* **Problem**
Where does the word "Girl" show up in the records? Copy every line that has it.
*** Block opens ***
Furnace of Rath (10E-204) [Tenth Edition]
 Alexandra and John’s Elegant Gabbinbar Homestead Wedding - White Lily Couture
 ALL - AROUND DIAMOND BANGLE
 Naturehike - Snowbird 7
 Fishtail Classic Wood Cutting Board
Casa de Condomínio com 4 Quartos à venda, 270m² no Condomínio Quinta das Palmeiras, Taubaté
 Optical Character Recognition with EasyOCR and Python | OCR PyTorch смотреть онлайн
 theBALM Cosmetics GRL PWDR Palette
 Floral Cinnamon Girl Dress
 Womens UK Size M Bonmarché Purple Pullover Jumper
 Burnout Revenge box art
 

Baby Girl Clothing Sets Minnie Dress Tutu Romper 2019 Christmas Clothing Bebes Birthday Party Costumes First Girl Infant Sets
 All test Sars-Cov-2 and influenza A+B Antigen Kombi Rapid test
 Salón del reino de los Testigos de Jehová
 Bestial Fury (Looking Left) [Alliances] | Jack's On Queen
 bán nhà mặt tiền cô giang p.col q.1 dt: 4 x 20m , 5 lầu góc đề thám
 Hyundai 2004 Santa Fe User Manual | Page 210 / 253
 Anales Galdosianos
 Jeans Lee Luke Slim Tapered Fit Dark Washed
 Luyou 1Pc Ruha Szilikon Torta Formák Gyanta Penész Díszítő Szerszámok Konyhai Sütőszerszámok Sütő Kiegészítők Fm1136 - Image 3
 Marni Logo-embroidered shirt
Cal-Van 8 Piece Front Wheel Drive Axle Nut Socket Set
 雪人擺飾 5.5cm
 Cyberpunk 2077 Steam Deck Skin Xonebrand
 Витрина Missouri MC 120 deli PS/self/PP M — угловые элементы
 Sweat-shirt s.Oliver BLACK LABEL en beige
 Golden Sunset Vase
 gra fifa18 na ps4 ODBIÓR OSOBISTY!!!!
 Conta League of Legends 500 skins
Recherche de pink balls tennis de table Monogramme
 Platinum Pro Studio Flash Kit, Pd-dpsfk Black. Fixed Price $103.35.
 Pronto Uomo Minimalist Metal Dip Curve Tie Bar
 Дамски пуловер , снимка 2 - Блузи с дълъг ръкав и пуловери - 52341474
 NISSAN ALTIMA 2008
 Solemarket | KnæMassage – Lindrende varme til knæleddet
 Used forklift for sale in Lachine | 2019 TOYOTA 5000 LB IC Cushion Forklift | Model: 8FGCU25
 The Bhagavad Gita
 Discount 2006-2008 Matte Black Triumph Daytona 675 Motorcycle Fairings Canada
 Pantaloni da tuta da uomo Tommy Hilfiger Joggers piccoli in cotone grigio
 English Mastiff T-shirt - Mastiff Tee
*** Block closes ***
* **Written solution**
 Floral Cinnamon Girl Dress
Baby Girl Clothing Sets Minnie Dress Tutu Romper 2019 Christmas Clothing Bebes Birthday Party Costumes First Girl Infant Sets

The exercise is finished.